In a memorable early scene from Ernst Lubitsch's screwball classic Trouble In Paradise, two master thieves perform a beautifully choreographed dance of seduction by picking each other's pockets, each marveling at the other's exquisite technique. It's funny enough that getting robbed turns them on, but the scene works because it has a thief's timing—swift and effortless. An ambitious action-comedy about a marriage between hired assassins, Mr. & Mrs. Smith tries for a similar dynamic on an exponentially larger scale, but grace notes are usually the first thing to go once a budget reaches nine figures. Still, director Doug Liman (Swingers, Go, The Bourne Identity) never allows spectacle to overwhelm character, and his bone-dry comic touch reins in an overproduced blockbuster and complements the terrific chemistry between his two tabloid stars, Brad Pitt and Angelina Jolie.

Mr. & Mrs. Smith opens with Pitt and Jolie in marriage counseling, seeking to recapture the spark that's gone missing from what has grown into a sterile suburban coupling. They wistfully recall their passionate first meeting in Bogotá, Columbia, though neither seemed to question what the other one was doing there. As it turns out, they're both top assassins for separate agencies, each working strenuously to keep the other from knowing the truth about their jobs, which has inevitably caused some intimacy problems over the long haul. When both are assigned to pick off a heavily guarded prisoner (The OC's Adam Brody), they quickly discover each other's identities and are forced by trade to eliminate the competition, which converts their tastefully decorated home into a shooting gallery. The situation also brings out long-simmering tensions in their marriage, and gives them the freedom to sound off on everything from their tepid sex lives to those hideous new drapes.

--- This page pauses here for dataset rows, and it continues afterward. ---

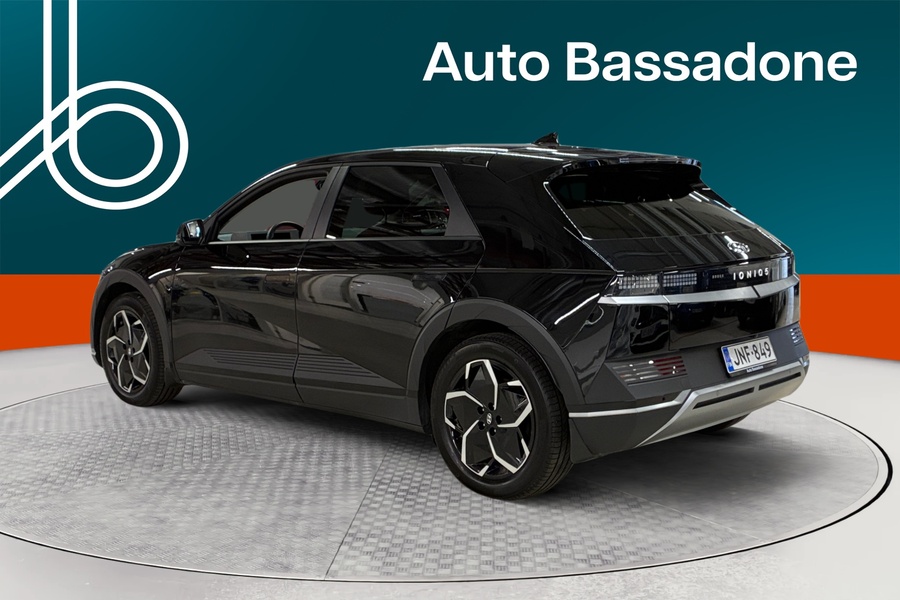 Hyundai IONIQ 5 vaihtoauto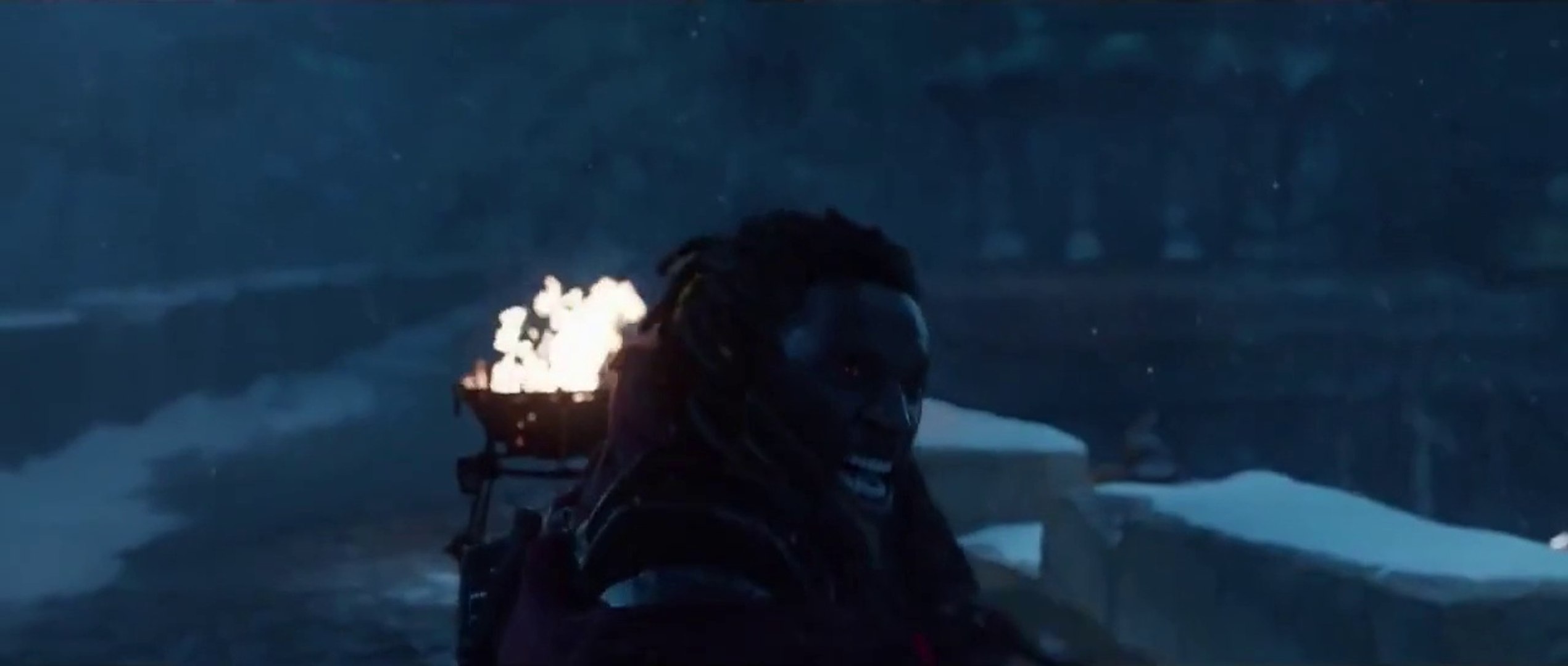 X Men Days Of Future Past Bishop Video Dailymotion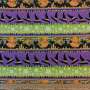100% Tton PTD-14 Halloween Stripes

There's no denying the high-concept gimmickry that has summoned Mr. & Mrs. Smith into existence, but what sounds in principle like a pitch for a TV pilot instead plays like an old-fashioned romantic comedy with updated hardware. Always better as an unhinged goofball than as a bronzed demigod in period garb, Pitt gives a loose-limbed performance that ricochets nicely off Jolie's cool, unaffected sultriness. The knowing glibness occasionally spoils the fun—a problem that also plagued Liman's Go and Swingers—but it's rare that an action-comedy succeeds so swimmingly on both fronts. Rarely does a word like "deft" come to mind when viewing any film released between May and August, but Liman and company make it all look easy.